Some more speculative garbage ;)
One of the Internet phenomenons I never understood, though I tried at least a few times already, is MS Paint Adventures. Especially its last, epic and mythical, incarnation, Homestuck (somewhere around 5200 “pages” right now), that can reach a rather impressive depth in its mythology. It is easier to grasp how it started since Jail Break was modeled after a classic point&click adventure game. You can call it a typical post-modernist “deconstruction” of the medium. The guy posted an illustration on a forum, and then prompted people to suggest an action. So it was something like interactive writing, where the original author still had control over it, as he still picked one suggestion among many and showed its outcome.
Today I was going through the first “pages” of Homestuck and noticed something else instead. The story is again presented as if a “game”, complete with a parody of a rudimentary interface. The protagonist of the story is a not-so-good programmer who happens to be working on a game, called SBURB. You can play the beta. And you can see that it’s exactly the beginning of Homestuck, with very minimal differences. A game within a game. A world within a world. The protagonist of the story, putting himself into the story. All of this being the exquisite post-modernist quality: playing with frames.
“Sometimes you feel like you are trapped in this room. Stuck, if you will, in a sense which possibly borders on the titular.”
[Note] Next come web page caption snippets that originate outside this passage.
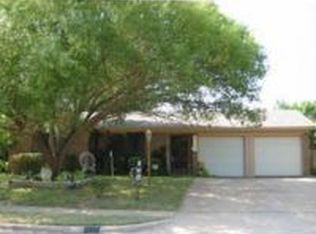 5123 Tower Dr, Wichita Falls, TX 76310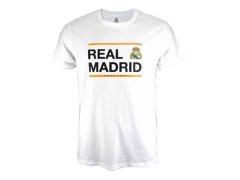 Real Madrid dětské tričko No115 Text white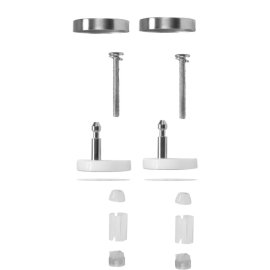 CORNAT WC - Sitz-Befestigung für CORNAT WC-Sitze PP DEKOR, CASAL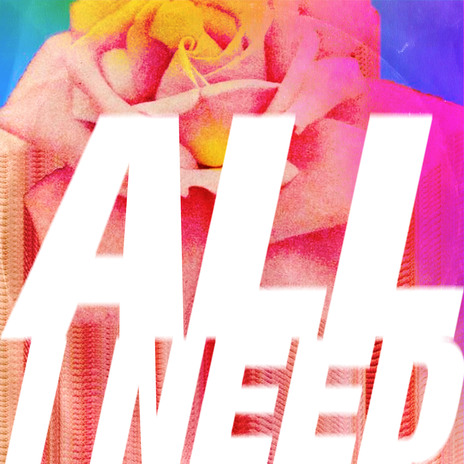 All I Need ft. Poppie de Paris cover art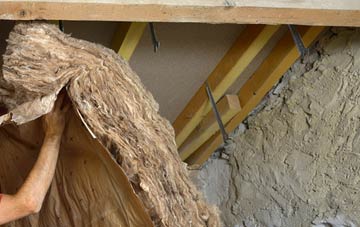 Whittlestone Head pitched roof insulation costs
So this time my interest was tickled by this different perspective. Think of a programmer, putting himself in the game he’s making. Is it possible, from within the boundaries of the game, to reconstruct the world outside? How do you think out of the frame? How do you punch holes through it?
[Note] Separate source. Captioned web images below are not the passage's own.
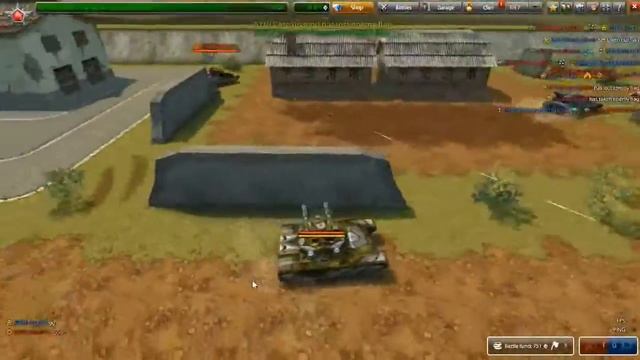 Stole Your Glory Vs Elite Night Hunters (Friendly clan war) смотреть онлайн
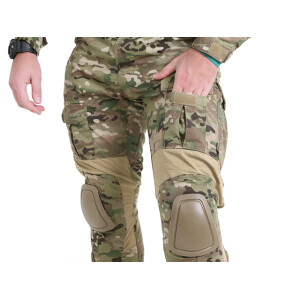 Combat Uniform Gen2 (XL Size) - MultiCam [EM]
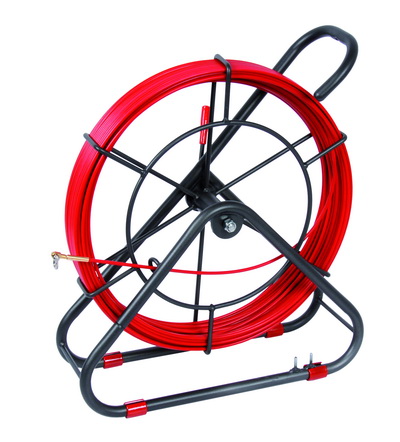 DKC Устройство закладки кабеля д.6мм длина 60 м на вращающемся барабане стеклопруток (59660) DKC Устройство закладки кабеля д.6мм длина 60 м на вращающемся барабане стеклопруток (59660)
It becomes a parody on reality, metaphorically strong. See my analogy with dreams and reality. The creator and his creation. The dreamer and the dreamee, trapped into the dream, unconscious about the dream. And here in this case, the protagonist of a game, unconscious of himself in a game, but playing within the rules. This blinkered look at reality that makes you take everything for granted, because the brain is hardwired to make sense of what is fed to it. WYSIATI, What You See Is All There Is. Sufficiency. The brain projects a world using a severely limited set of features. An abstract.
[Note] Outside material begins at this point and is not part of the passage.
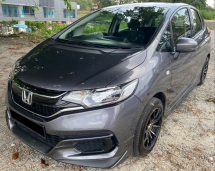 2018 HONDA JAZZ 1.5 (A) FULL SERVICE RECORD WITH HONDA MUKA RM300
This is exactly like in a game, where you program and defines just a few features of the world. Is it a limited top-down 2D view? So what would the characters see if they were to look up, out of the “frame”? You don’t know. You can’t know. And, more precisely, you don’t ask questions. Because the question itself is out of the frame. Not only it can’t be answered from within, but it also cannot exist. Because it’s outside the bounding rules. Out of the physics that regulate and frame your world.
Take the idea of “time” into this frame. The character of a game experiences time. The game story has a natural flow. It starts and then goes on. The character may have a sense of previous history even at that starting point, so “misperceiving” it. But is the game a “beta”, or a final version? How many iterations that world has gone through? What was written “before”, and what “after”? The timeline experienced in the game is not the timeline that exists in the world that built that game. You could perceive an embryonic state where instead there’s a final one. So it gets to the point where time collapses, like in the other example I was making.
Once again, this is all the result of reflexive properties. Things that self-describe through recursive processes. And, in these endless loops, the impossibility to escape.
P.S.
I’ve seen a similar concept mentioned here. Though I’d stay more with the world itself, “closure”, describing precisely the “binding” of these worlds. As I think the property of doing without the details, erasing them, is more meaningful than the property of “filling in”.